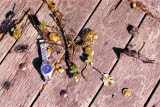 Select an image to enlarge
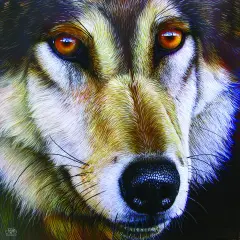 Sunsout Wolf Face 1000 pc Jigsaw Puzzle 58644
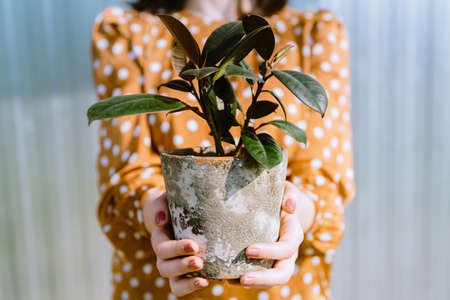 Woman holding small ficus elastica in rustic flower pot. Houseplants careの写真素材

============================================================

▶ _PROBLEM_
Your task is to quote exactly the lines from the one with "Sunsout Wolf Face" through the end of the material, both included, without reproducing any pictures.

▶ _OUTPUT FOR THIS TASK_
 Sunsout Wolf Face 1000 pc Jigsaw Puzzle 58644
 Woman holding small ficus elastica in rustic flower pot. Houseplants careの写真素材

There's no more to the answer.